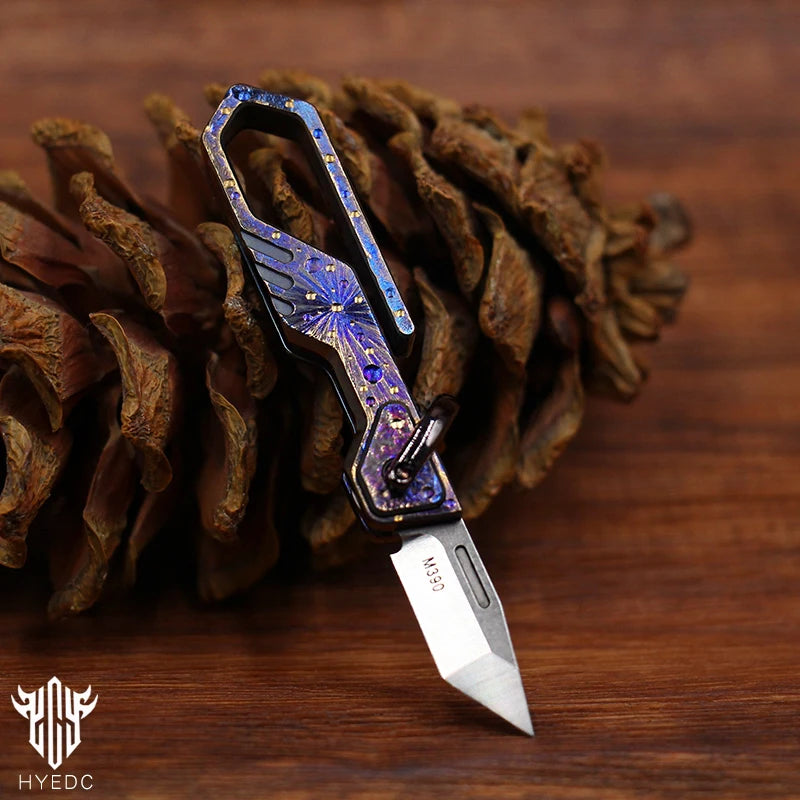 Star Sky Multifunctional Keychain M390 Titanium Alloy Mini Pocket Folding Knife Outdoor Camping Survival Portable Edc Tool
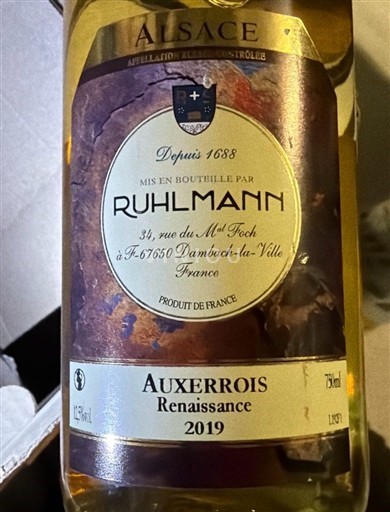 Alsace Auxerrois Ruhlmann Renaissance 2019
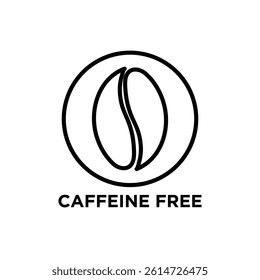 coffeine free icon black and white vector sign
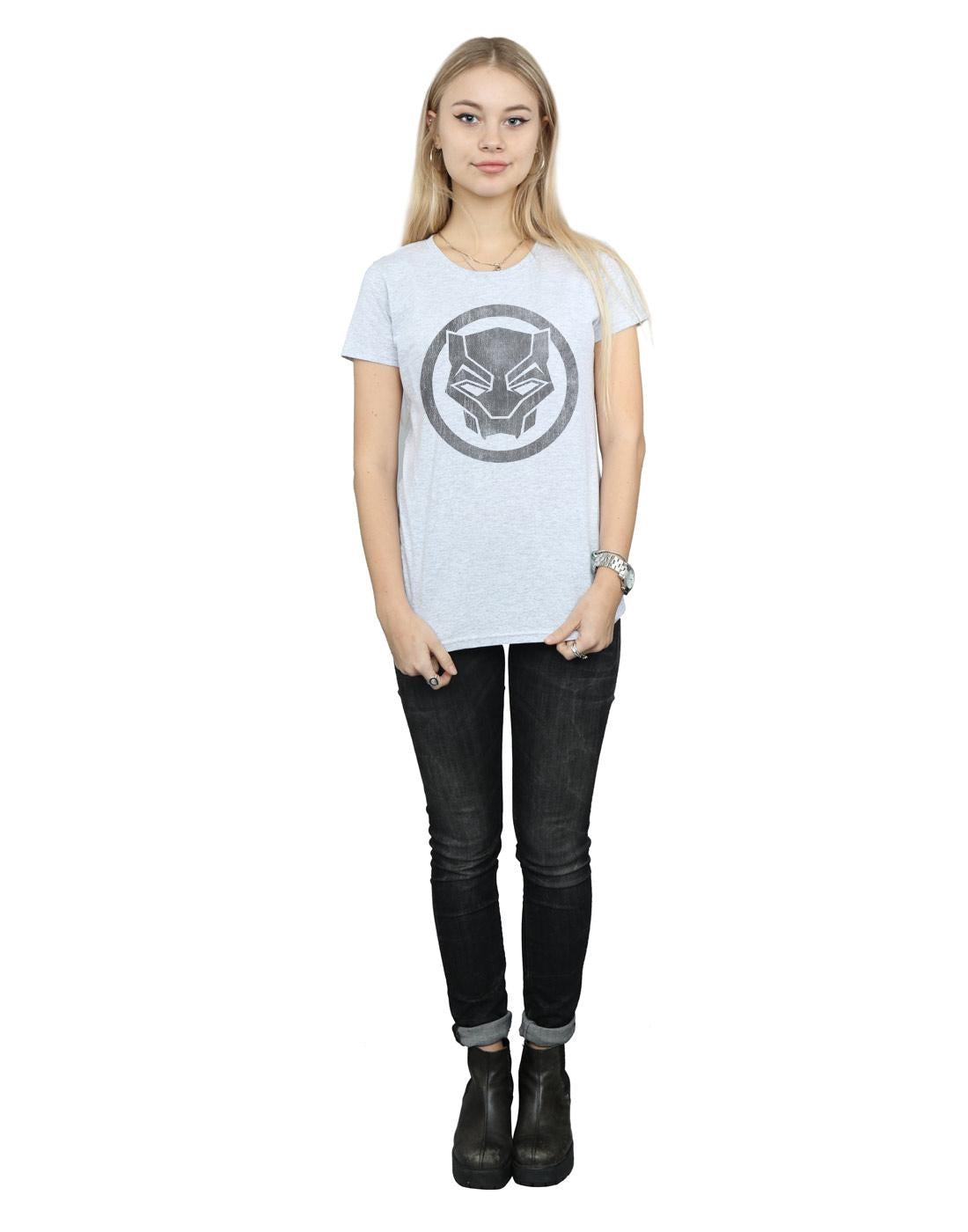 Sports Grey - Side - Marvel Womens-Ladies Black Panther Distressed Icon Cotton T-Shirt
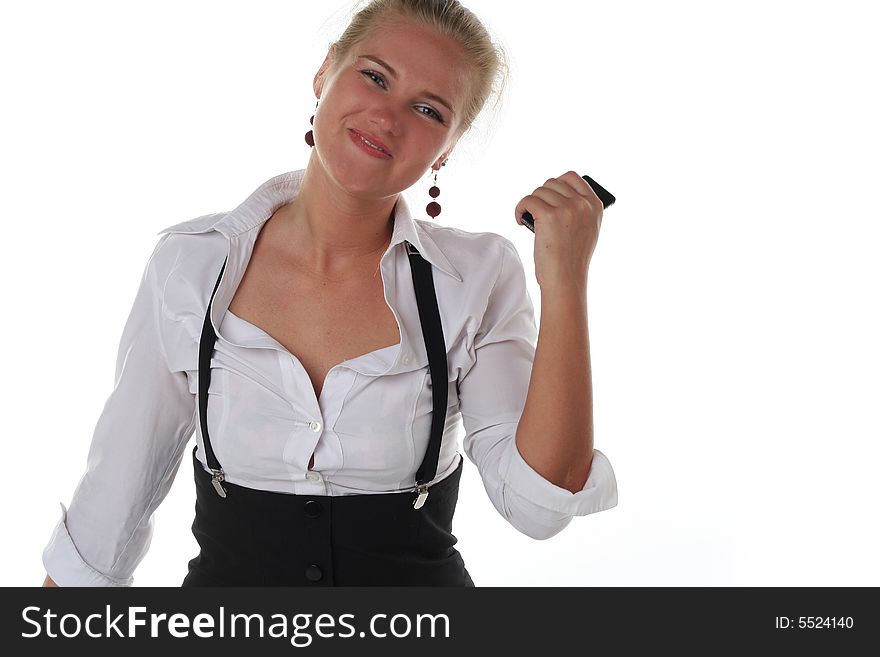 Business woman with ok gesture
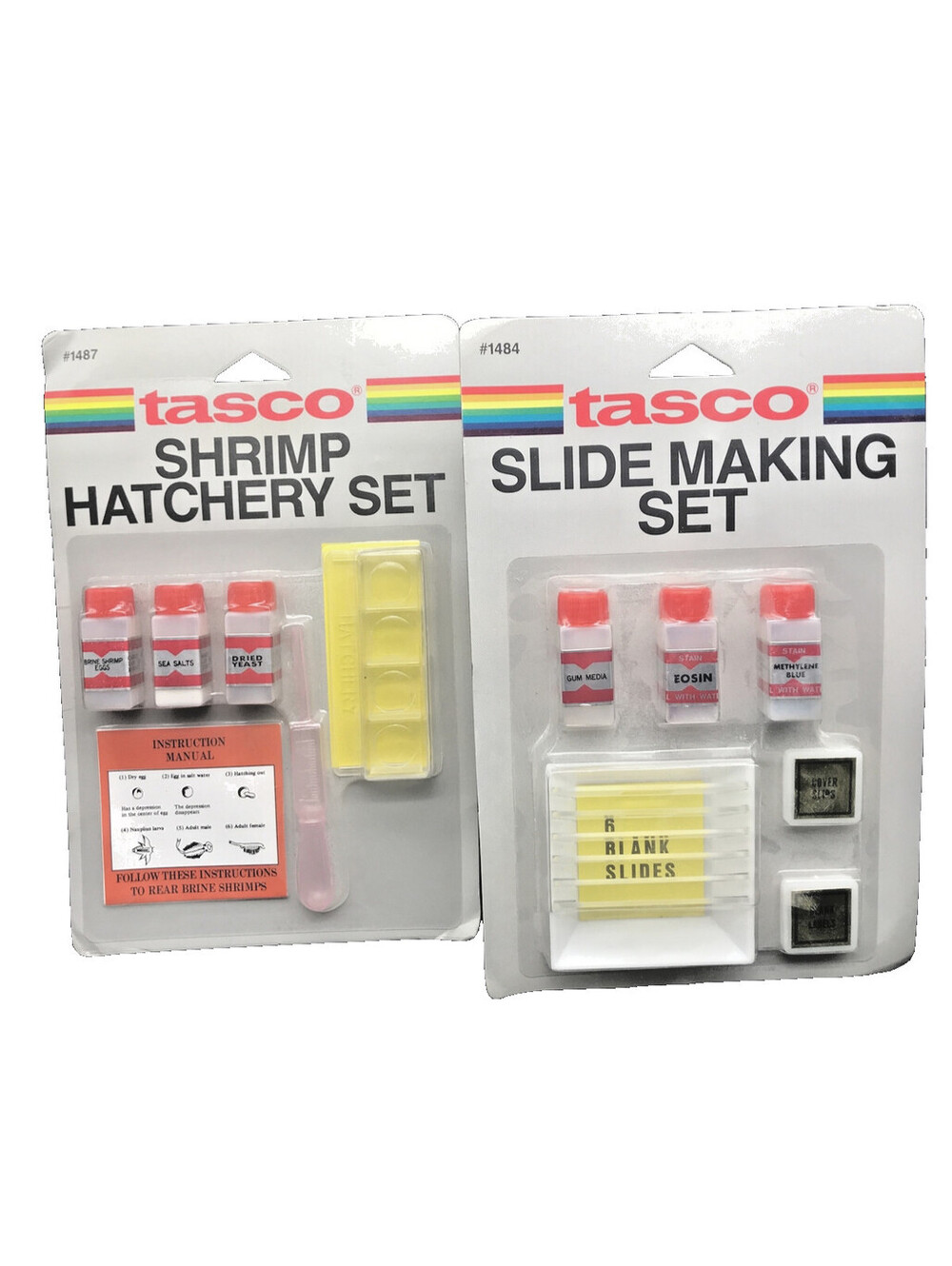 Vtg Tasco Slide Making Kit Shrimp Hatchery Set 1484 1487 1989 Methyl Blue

---

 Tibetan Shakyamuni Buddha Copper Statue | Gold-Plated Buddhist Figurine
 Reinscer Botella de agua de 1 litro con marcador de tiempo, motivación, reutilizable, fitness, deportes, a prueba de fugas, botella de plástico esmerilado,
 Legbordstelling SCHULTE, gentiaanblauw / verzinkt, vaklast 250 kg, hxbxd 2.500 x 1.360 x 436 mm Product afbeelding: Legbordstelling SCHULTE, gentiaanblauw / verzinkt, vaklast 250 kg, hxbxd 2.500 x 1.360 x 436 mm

* * *

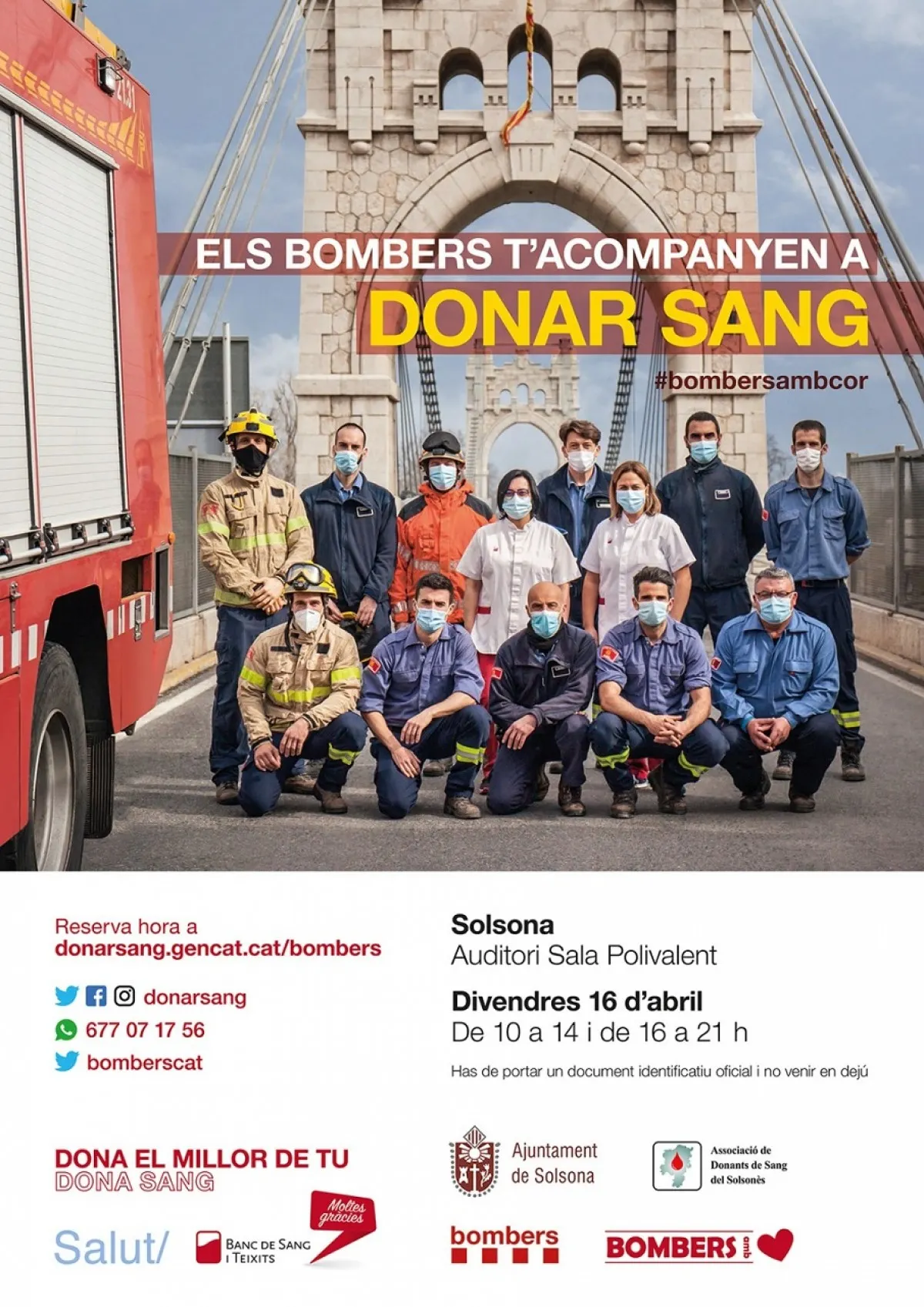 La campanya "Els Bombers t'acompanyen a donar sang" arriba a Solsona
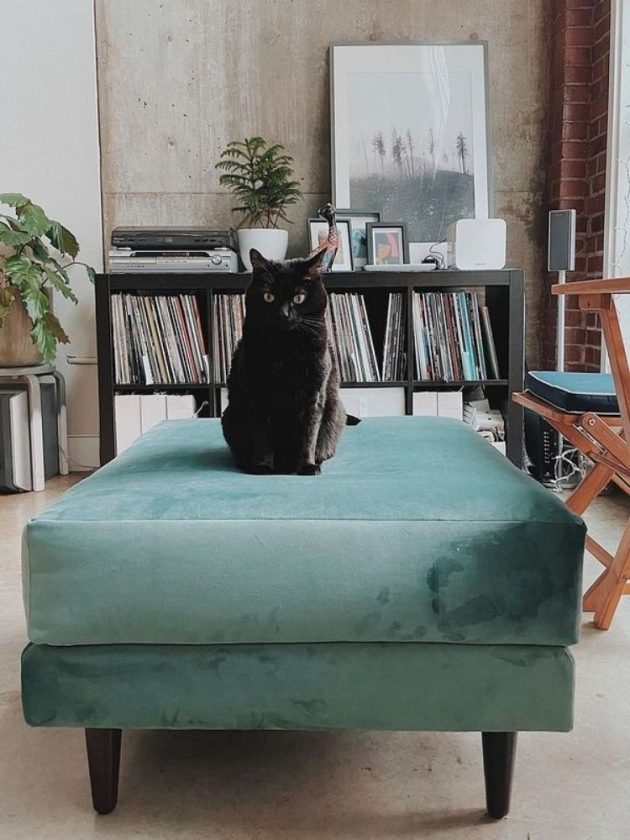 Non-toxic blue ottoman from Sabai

◆ What is being asked: Give again, exactly as written above, every line from the one holding "Star Sky Multifunctional" to the one holding "Vtg Tasco Slide", with both ends kept and the pictures left out.

◆ Solution:
 Star Sky Multifunctional Keychain M390 Titanium Alloy Mini Pocket Folding Knife Outdoor Camping Survival Portable Edc Tool
 Alsace Auxerrois Ruhlmann Renaissance 2019
 coffeine free icon black and white vector sign
 Sports Grey - Side - Marvel Womens-Ladies Black Panther Distressed Icon Cotton T-Shirt
 Business woman with ok gesture
 Vtg Tasco Slide Making Kit Shrimp Hatchery Set 1484 1487 1989 Methyl Blue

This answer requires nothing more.